Com essa realidade posta, imaginei se o legítimo conceito de engajamento não seria como startups unicórnios: apenas algumas poucas empresas chegarão lá. Muitas outras terão níveis menores de engajamento, que talvez não possamos chamar de engajamento, mas de níveis de conexão. O engajamento “de fato”, com sua semântica, seria reservado ao nível máximo de conexão, aquele onde cultura, lideranças e práticas funcionam como um relógio Suiço em termos de coerência, apresentando a todas as pessoas da empresa um ambiente pelo qual vale a pena se empenhar, lutar e até mesmo, criar laços afetivos. Cheguei a pensar por um momento que esse nível máximo de conexão (engajamento) não seria mais possível nos dias de hoje, mas a observação de algumas empresas me fez repensar – sim, é possível, mas raro, muito raro.
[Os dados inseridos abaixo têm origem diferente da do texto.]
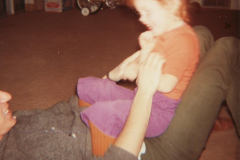 PhayFamilyAlbum-7-057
Como conclusão, gostaria de tentar tirar um pouco a pressão dos RHs e times de comunicação interna na busca do engajamento como bala de prata. Busquem melhorar a conexão passo a passo, trabalhando com métricas atingíveis. Poucas empresas se tornam unicórnios, mas as demais são muito saudáveis e rentáveis. Concentre-se mais em desenvolver lideranças que pratiquem “de fato” o que está descrito nos valores e cultura da empresa (geração Z escolhe onde trabalhar muito pelas causas defendidas pela empresa), estabeleça, sem preconceito, relações de troca ganha-ganha para atingir objetivos de curto prazo até que conexões altas ou até mesmo o engajamento sejam estabelecidos e, por fim, não esperem que plataformas de software resolvam sozinhas o desafio do engajamento. Elas sem dúvida ajudam e facilitam o processo quando trabalham aliadas aos novos conceitos de gestão, mas são apenas o “gran finale” de um processo lento, gradual e cuja subjetividade torna a avaliação da evolução bastante difícil.